I am trying to train deepspeech for non-English audios. I collect a small dataset of audio files based on this tutorial [TUTORIAL : How I trained a specific french model to control my robot]. I have 5000-seconds audio files along with their transcripts in my dataset.

I trained a model using 70% of the dataset:
python DeepSpeech.py --train_files “./data/train.csv” --dev_files “./data/dev.csv” --test_files “./data/test.csv” --alphabet_config_path “./data/alphabet.txt” --lm_binary_path “./data/lm.binary” --lm_trie_path “./data/trie” --export_dir “./mymodels” --checkpoint_dir “./checkpoint” --validation_step 2 --max_to_keep 10
(I can share a jupyter notebook if you want to see the output.)

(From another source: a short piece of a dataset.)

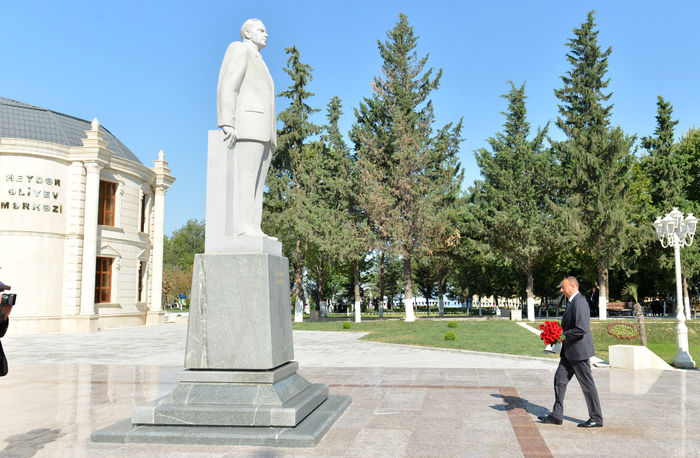Azerbaijani President arrives in Kurdamir region (PHOTO)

During training, the training loss stays between 130-150. When I run some tests on the final model, it predicts just a null string or a character even for a training sample. It seems that my model learned nothing. Can you give me some advice? How much data should I have to feed the model?
I wonder if my training set is big enough? Would you please let me know which parameters I should tune to overcome the problem.


(Lissyx) #2

Well, obviously you are relying on defaults parameters. You need to explore turning knobs like learning rate or width of the network, etc. It all depends on your dataset as well.


(Reuben Morais) #3

Also, I don’t think inputs that are 5000 seconds long are ever going to work. That’s 250000 RNN steps! You should try using voice activity detection to split that into smaller chunks. Much smaller, around 10s or less per training sample. That will also help with using larger batch sizes and speed up your training.


(Mac 71128) #4

Sorry for being unclear. In total, I have 5000 seconds data, which is a summation of 759 audio files with the max length of 10 seconds each.